The gap between aspiration and reality could hardly be wider. Today, the United States has less equality of opportunity than almost any other advanced industrial country. Study after study has exposed the myth that America is a land of opportunity. This is especially tragic: While Americans may differ on the desirability of equality of outcomes, there is near-universal consensus that inequality of opportunity is indefensible. The Pew Research Center has found that some 90 percent of Americans believe that the government should do everything it can to ensure equality of opportunity. ...
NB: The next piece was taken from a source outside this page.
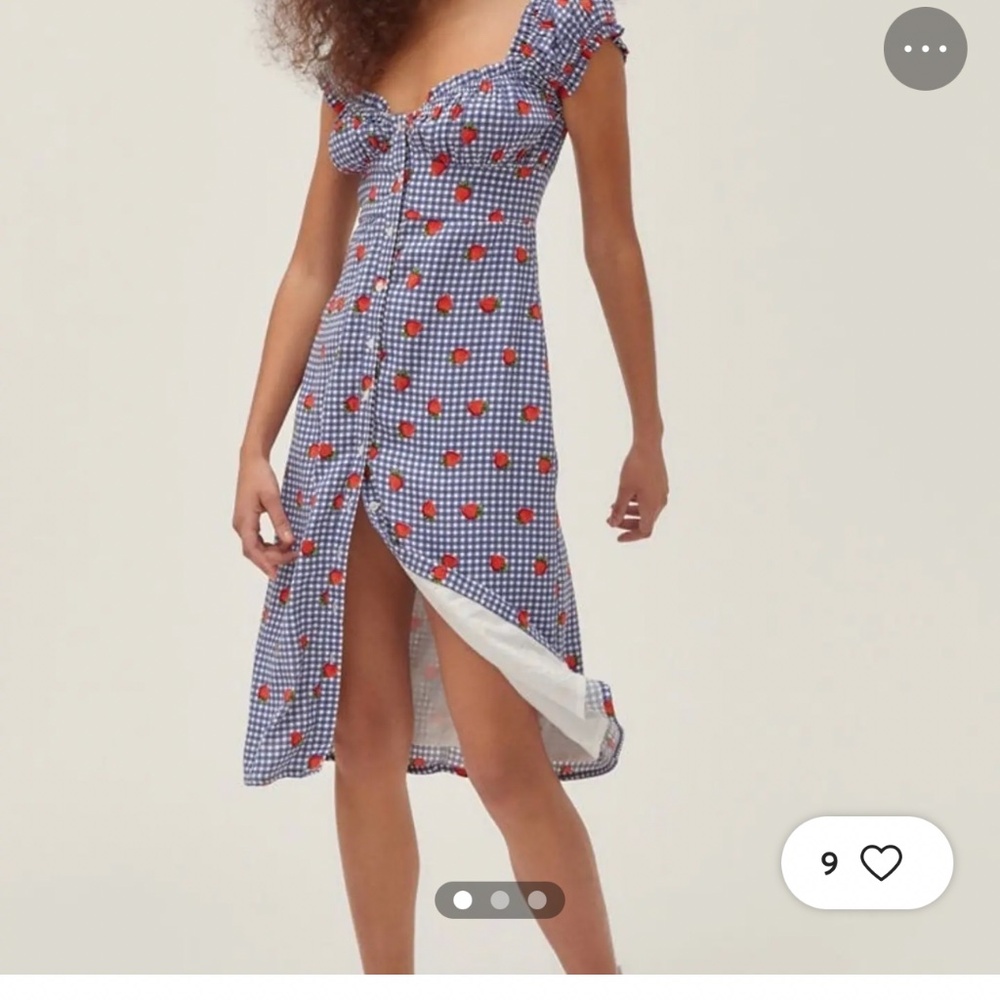 NEW Urban Outfitters Penelope Strawberry Gingham Button-Front Midi Dress Sz M/L - Picture 3 of 16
... It’s not that social mobility is impossible, but that the upwardly mobile American is becoming a statistical oddity. According to research from the Brookings Institution, only 58 percent of Americans born into the bottom fifth of income earners move out of that category, and just 6 percent born into the bottom fifth move into the top. Economic mobility in the United States is lower than in most of Europe and lower than in all of Scandinavia. ...Joseph Stiglitz, NYT
Of course, there's a pretty vocal minority in America disputing these statitistics. In my own experience, these are people who have traveled less (spend less -- if any -- time in nations where mobility is greater) and are wedded to a form of libertarianism that dismisses the concept of equality of opportunity even as they defend the notion that we are already equal "enough." They are often the same people who are suspicious of education -- as distinct from training. Education, after all, requires the steady commitment of the community, the recognition that "we're all in this together" rather than "I'm in this for me." Education is as much about questions as it is about answers. Education is, of course, a basic building block of equality of opportunity. Education also gives us our most powerful weapon against entrenched power and the very people who are the enemies of equality of opportunity.